[What you are asked to do]: The records that follow are to be given again exactly. Do not carry over any image.

[Source data]:
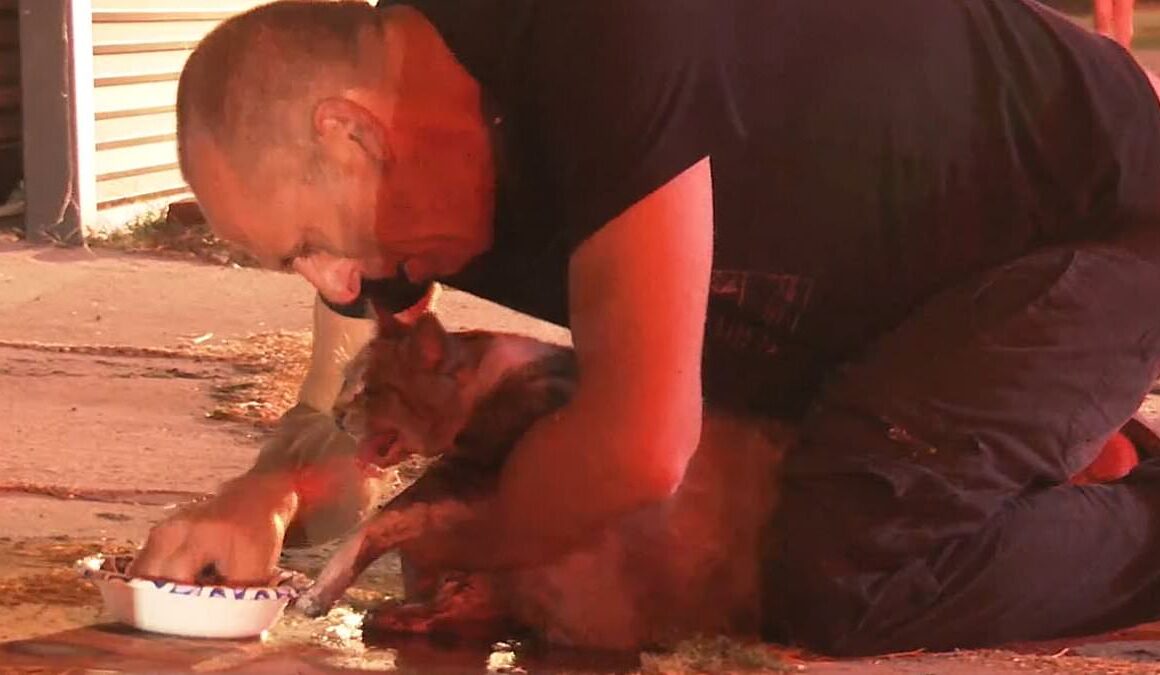 Emotional moment sobbing LA man is reunited with gasping cat that had just been rescued from house inferno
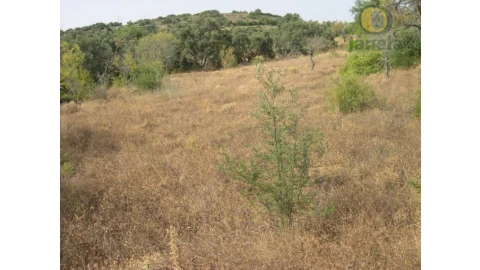 Terreno Agricola ou Rústico para Venda em Santa Barbara de Nexe
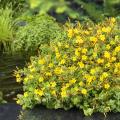 ZwergJohanniskraut - Hypericum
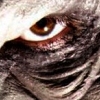 The Zombie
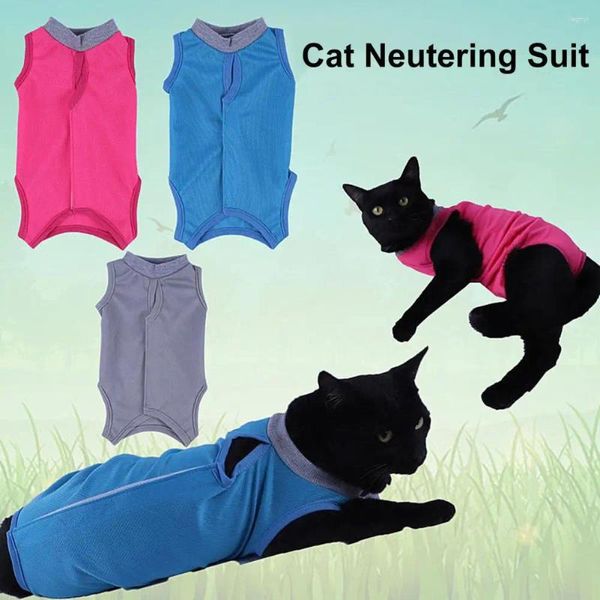 Costumes pour chats, combinaison de stérilisation, récupération confortable, vêtements Post-protection réglables, fournitures Pey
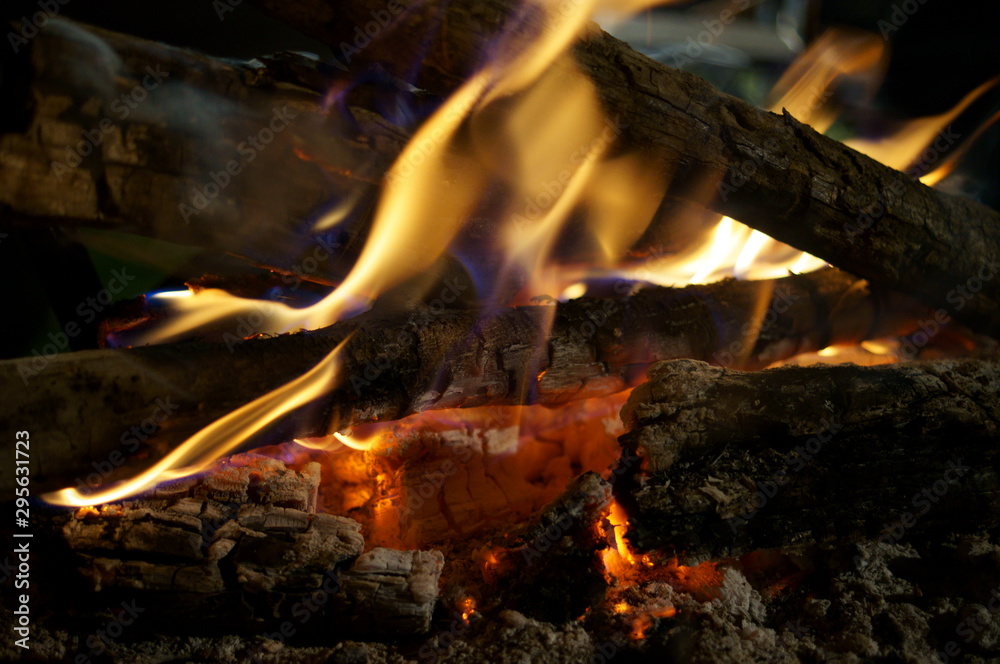 Naklejka premium Close-up of a tree burning in a bonfire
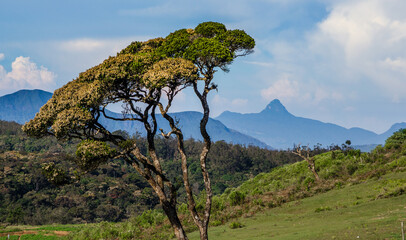 The sacred sri pada mountain also known as Adam’s peak in sri lanka seen at Ambewela, Nuwaraeliya, Sri lanka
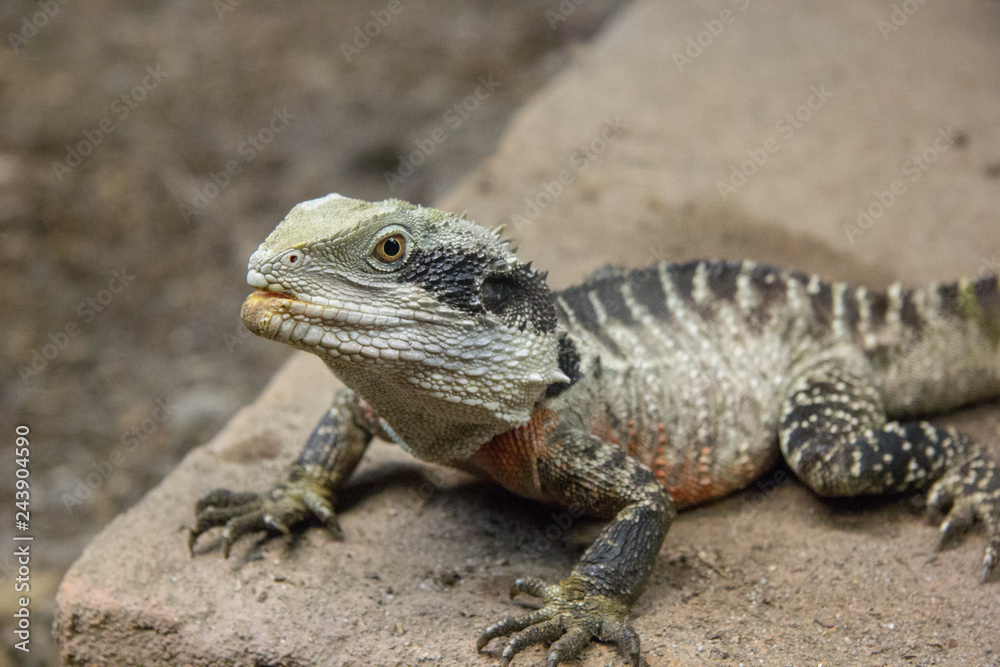 Fototapeta premium Eidechse in einem Aquarium in Neuseeland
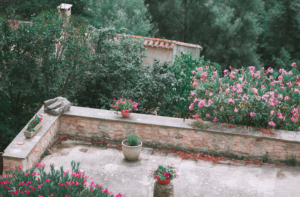 flower garden
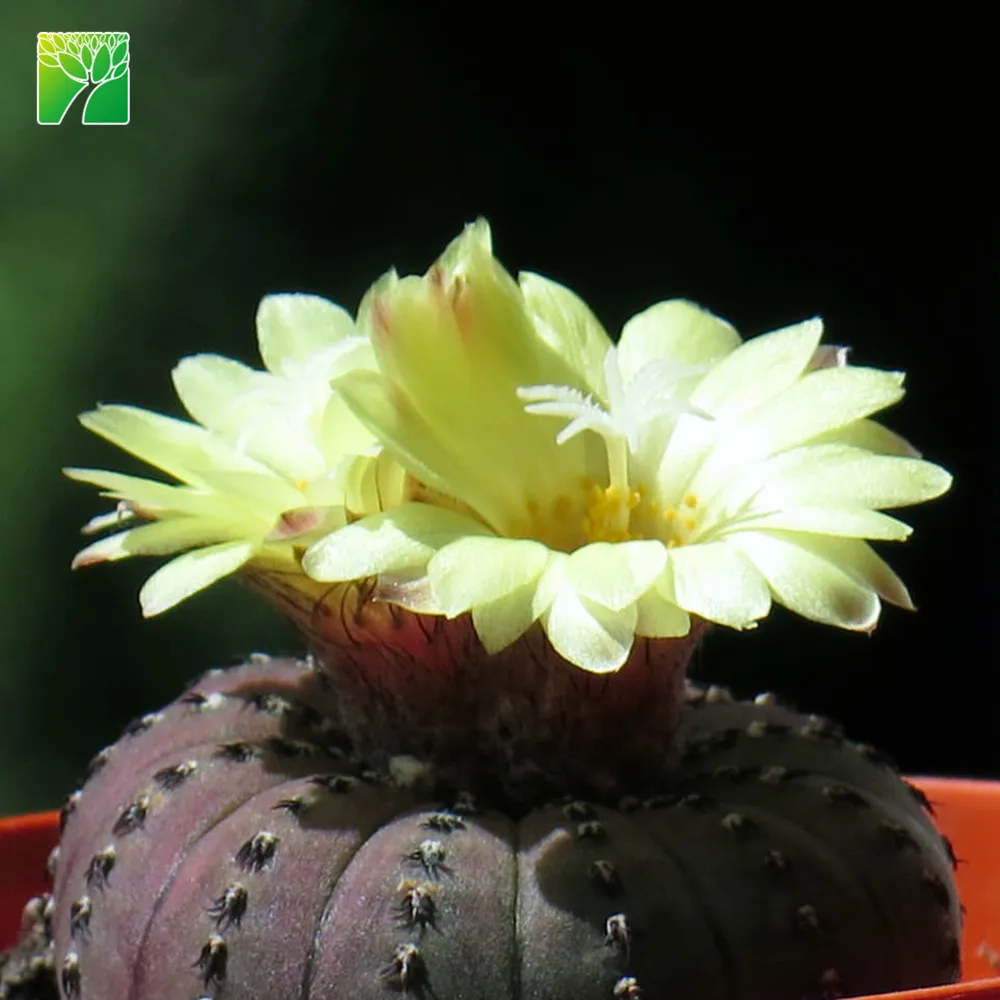 
Горячая Распродажа, украшение, кактус, растения, свежеватый астериоид 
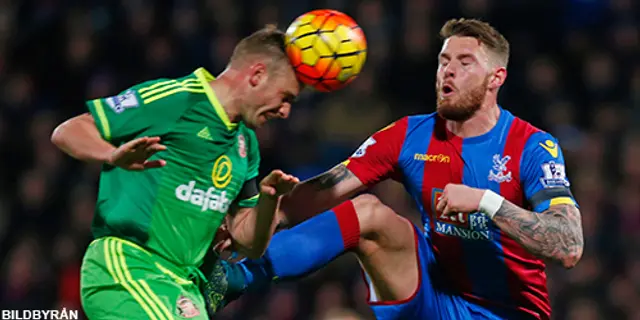 Crystal Palace 0 - Sunderland 1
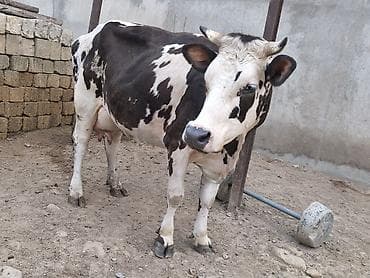 Dişi, Holsteyn, Simental, il: 3, Damazlıq, Südlük, Ünvandan götürmə, Ödənişli çatdırılma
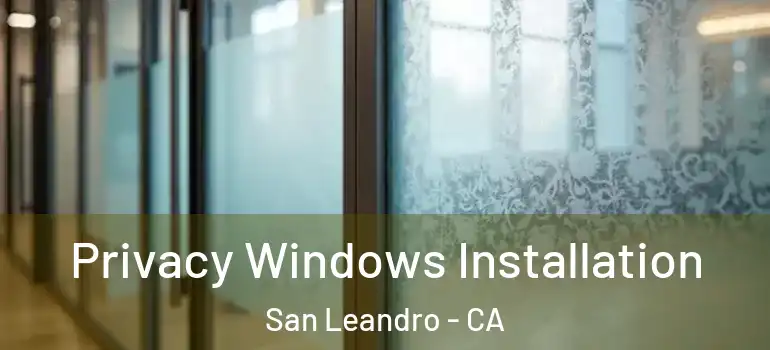  Privacy Windows Installation San Leandro - CA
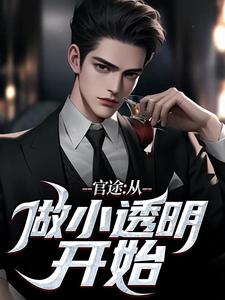 何涛小说《官途：从做小透明开始》在线阅读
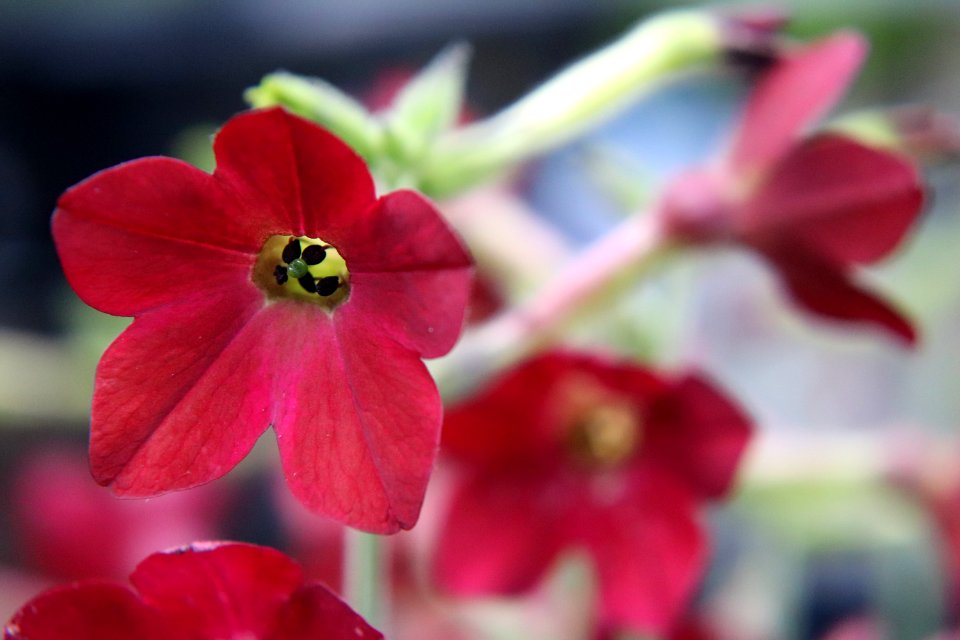 Nicotiana × sanderae public domain IMG 6516--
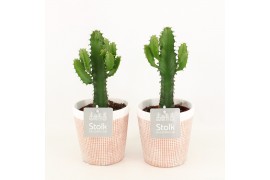 Euphorbia Triangularis in Terracotta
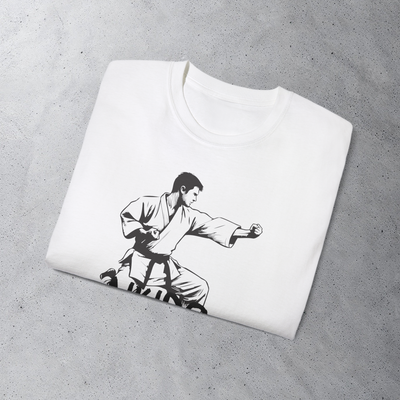 Футболка Aikido promo GERA A2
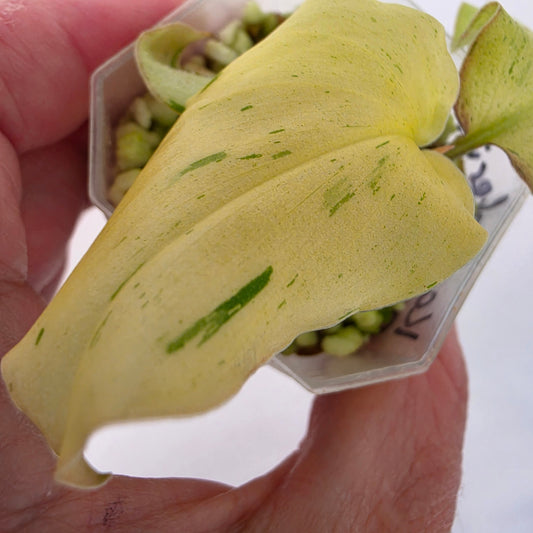 Kaempferia Pulchra Variegata – Established | Exact Plant #1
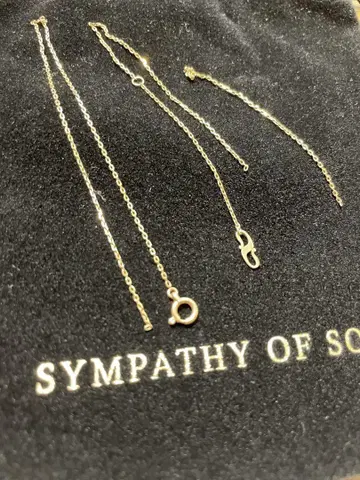 SYMPATHY OF SOUL 체인 K10 (끊어졌습니다)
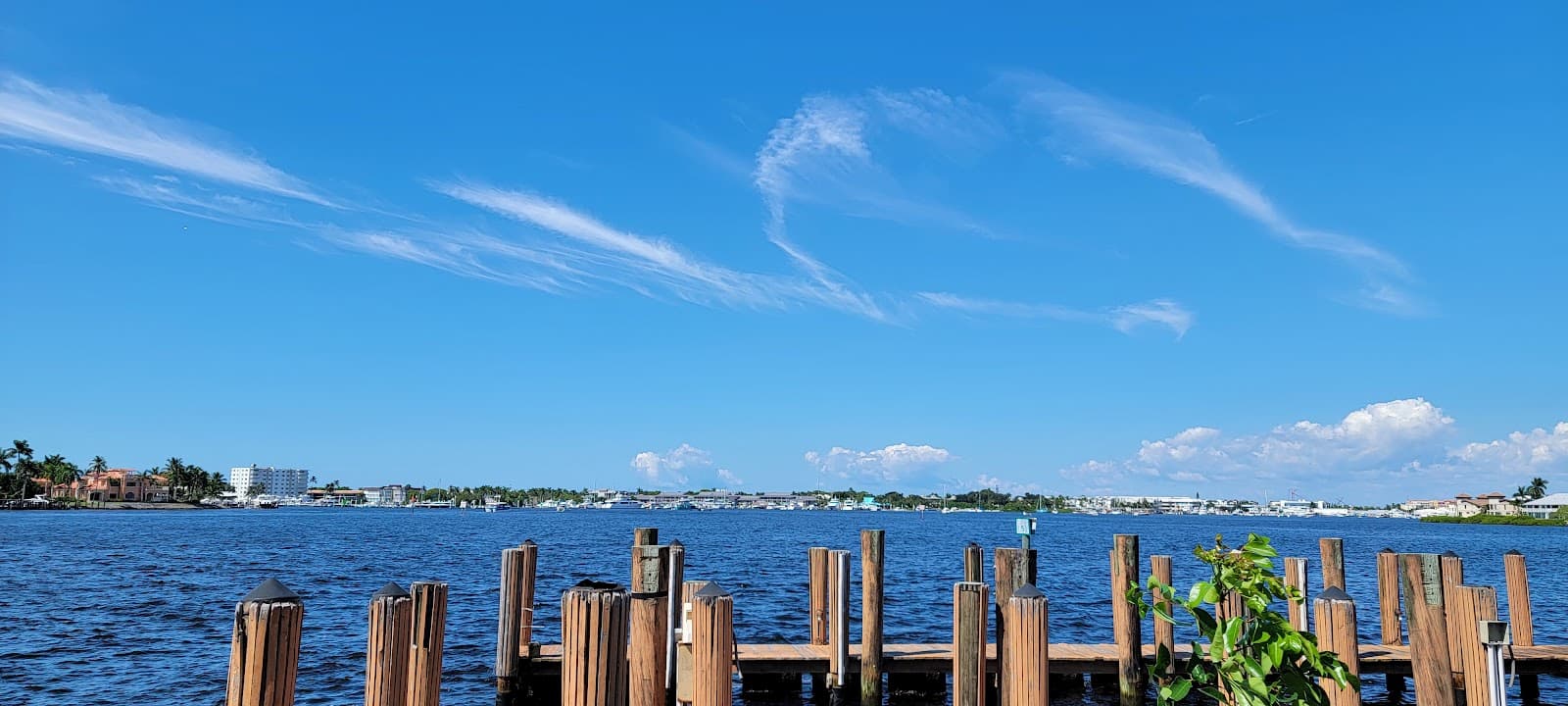 Naples Bay - Image 1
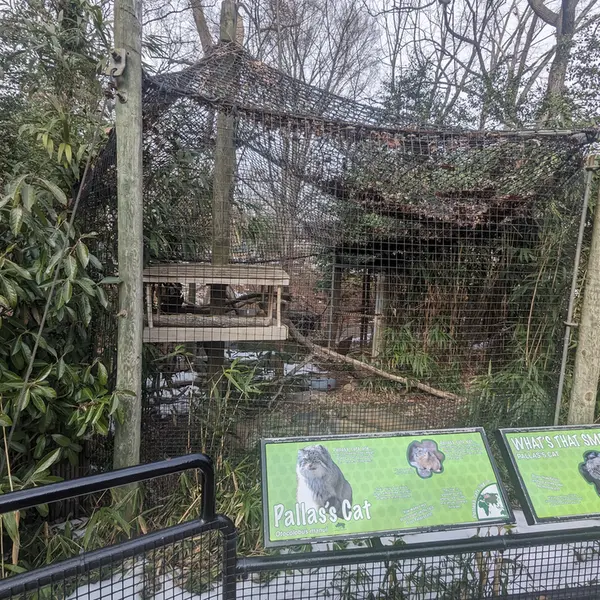 スミソニアン国立動物園のマヌルネコの写真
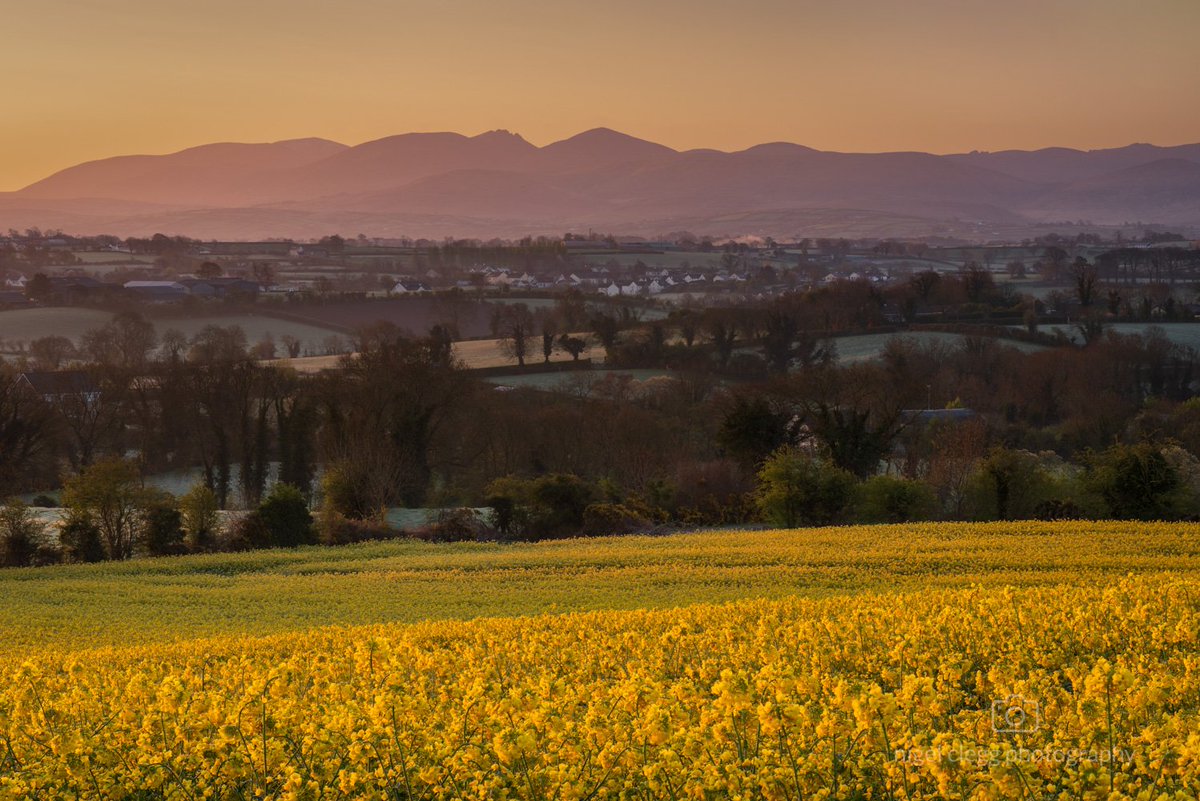 Sunrise in the rapeseed field

#Mournes #MourneMountains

[Answer to the problem]:
 Emotional moment sobbing LA man is reunited with gasping cat that had just been rescued from house inferno
 Terreno Agricola ou Rústico para Venda em Santa Barbara de Nexe
 ZwergJohanniskraut - Hypericum
 The Zombie
 Costumes pour chats, combinaison de stérilisation, récupération confortable, vêtements Post-protection réglables, fournitures Pey
 Naklejka premium Close-up of a tree burning in a bonfire
 The sacred sri pada mountain also known as Adam’s peak in sri lanka seen at Ambewela, Nuwaraeliya, Sri lanka
 Fototapeta premium Eidechse in einem Aquarium in Neuseeland
 flower garden
Горячая Распродажа, украшение, кактус, растения, свежеватый астериоид 
 Crystal Palace 0 - Sunderland 1
 Dişi, Holsteyn, Simental, il: 3, Damazlıq, Südlük, Ünvandan götürmə, Ödənişli çatdırılma
  Privacy Windows Installation San Leandro - CA
 何涛小说《官途：从做小透明开始》在线阅读
 Nicotiana × sanderae public domain IMG 6516--
 Euphorbia Triangularis in Terracotta
 Футболка Aikido promo GERA A2
 Kaempferia Pulchra Variegata – Established | Exact Plant #1
 SYMPATHY OF SOUL 체인 K10 (끊어졌습니다)
 Naples Bay - Image 1
 スミソニアン国立動物園のマヌルネコの写真
 Sunrise in the rapeseed field

#Mournes #MourneMountains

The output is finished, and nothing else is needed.